● **Data excerpts**:
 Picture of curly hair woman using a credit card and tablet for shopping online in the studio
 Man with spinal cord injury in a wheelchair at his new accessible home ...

* * *

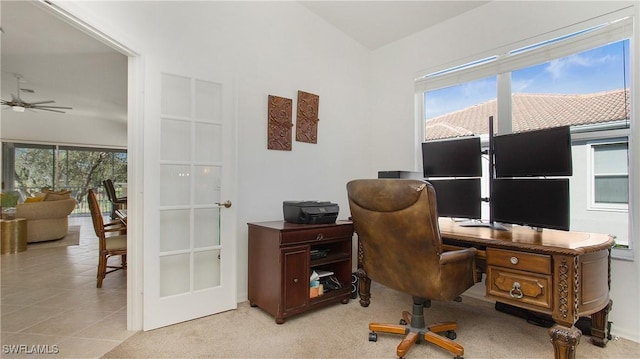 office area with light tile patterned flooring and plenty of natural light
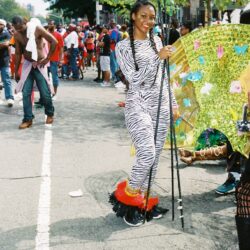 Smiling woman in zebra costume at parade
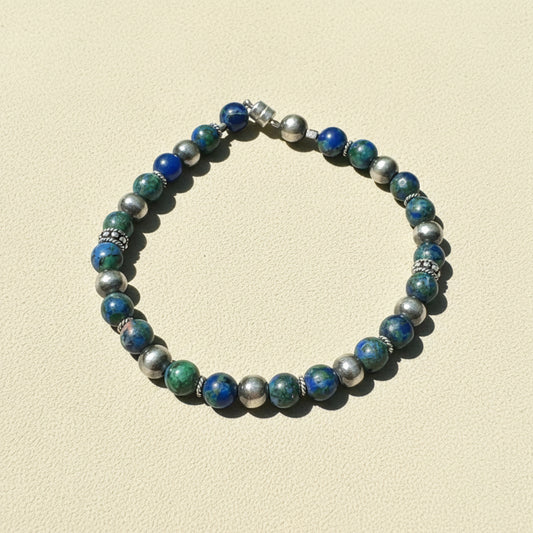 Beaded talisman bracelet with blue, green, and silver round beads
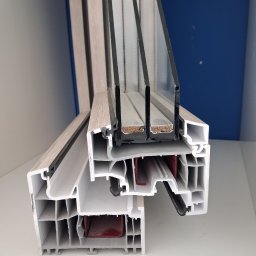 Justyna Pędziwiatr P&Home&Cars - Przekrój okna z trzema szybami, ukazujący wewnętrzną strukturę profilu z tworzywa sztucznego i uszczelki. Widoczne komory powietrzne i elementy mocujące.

* * *

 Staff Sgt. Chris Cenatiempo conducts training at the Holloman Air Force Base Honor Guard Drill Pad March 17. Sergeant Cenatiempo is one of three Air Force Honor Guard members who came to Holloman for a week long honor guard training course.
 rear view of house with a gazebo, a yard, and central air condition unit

● **Problem requirements**: Above are some records. Reproduce the lines from the one with "Smiling woman in zebra costume at parade" down to the one with "Justyna Pędziwiatr P&Home&Cars", keeping both, and leave every picture out.

● **Exercise solution**:
 Smiling woman in zebra costume at parade
 Beaded talisman bracelet with blue, green, and silver round beads
 Justyna Pędziwiatr P&Home&Cars - Przekrój okna z trzema szybami, ukazujący wewnętrzną strukturę profilu z tworzywa sztucznego i uszczelki. Widoczne komory powietrzne i elementy mocujące.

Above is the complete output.